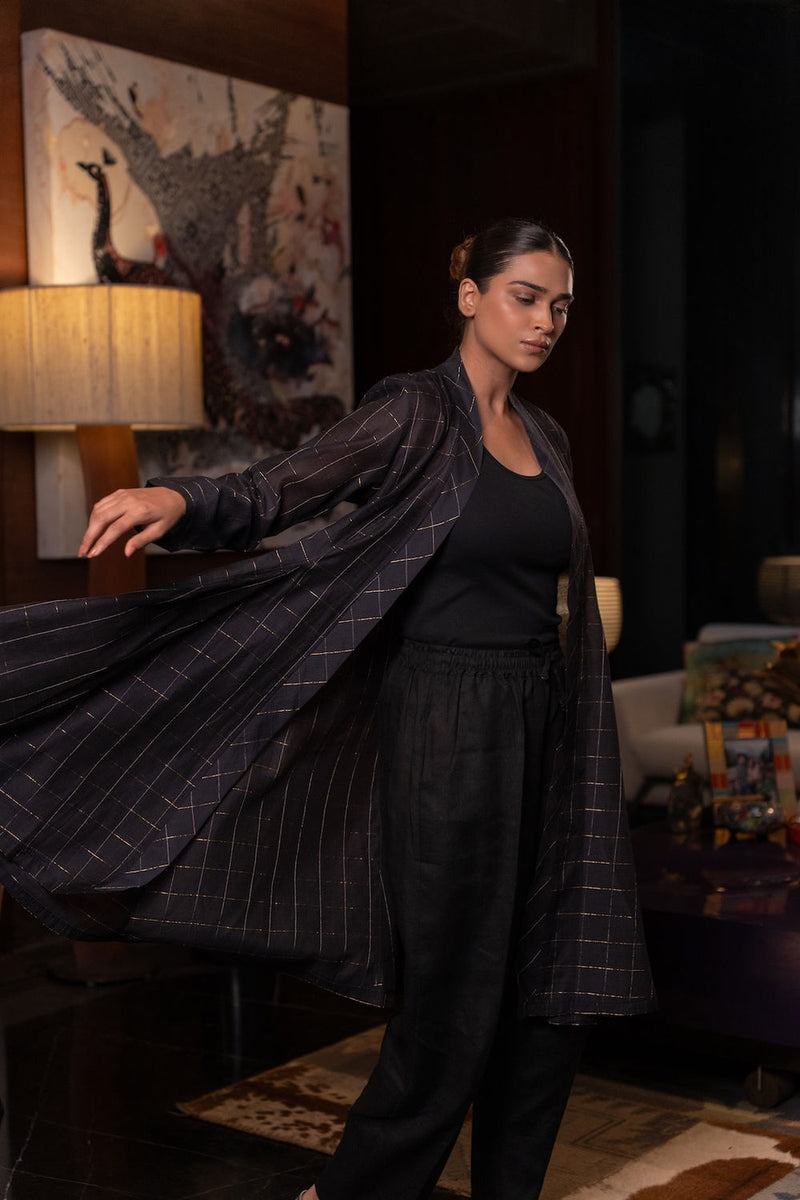 Kuro Chanderi Cape linen by Zanzibar Living in black, gold for women in Singapore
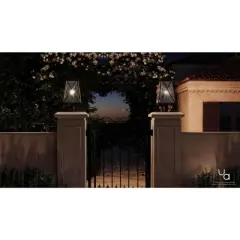Urban Ambiance Luxury English Country Outdoor Post/Pier Light,  21-3/4"H x 10-1/2"W,  Olde Bronze, UHP1056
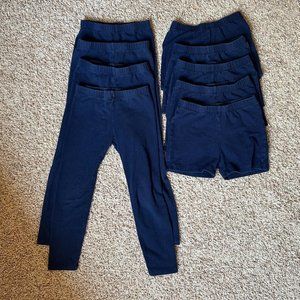 Children's Place Uniform Navy Leggings & Cartwheel Shorts (Lot of 9 pieces)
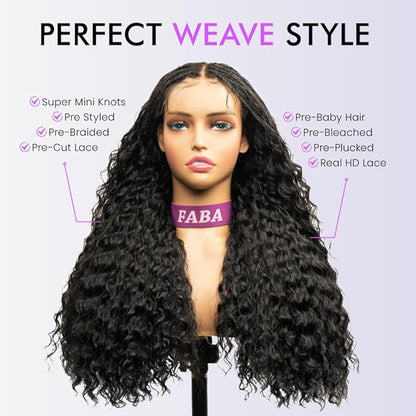 Braided Wigs for Black Women 200% Density Glueless Wigs Human Hair Pre Plucked Pre Cut 9x6 Lace Front Wig Deep Wave Human Hair（Black Curly）14inch
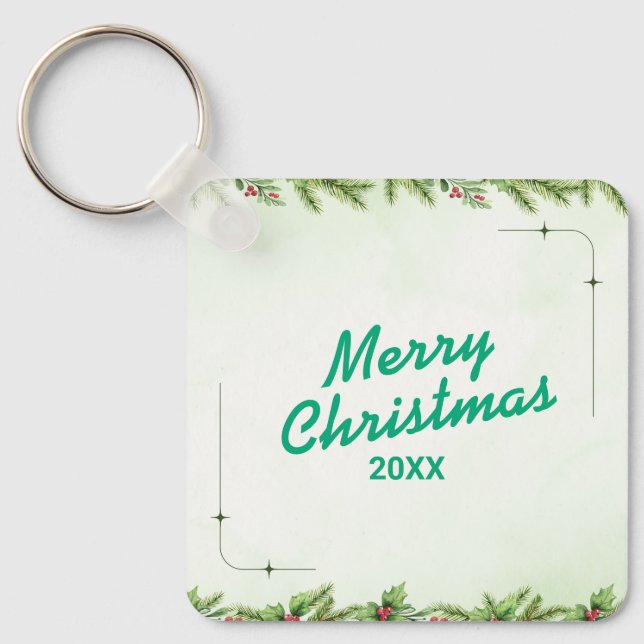 Custom Christmas Square Metal Keychain Schlüsselanhänger (Vorderseite)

════════

• _Problem details_
Extract, verbatim and alone, the lines from the line that contains "Braided Wigs for" to the last line of the records, inclusive; drop any picture.

• _Result of the exercise_
 Braided Wigs for Black Women 200% Density Glueless Wigs Human Hair Pre Plucked Pre Cut 9x6 Lace Front Wig Deep Wave Human Hair（Black Curly）14inch
 Custom Christmas Square Metal Keychain Schlüsselanhänger (Vorderseite)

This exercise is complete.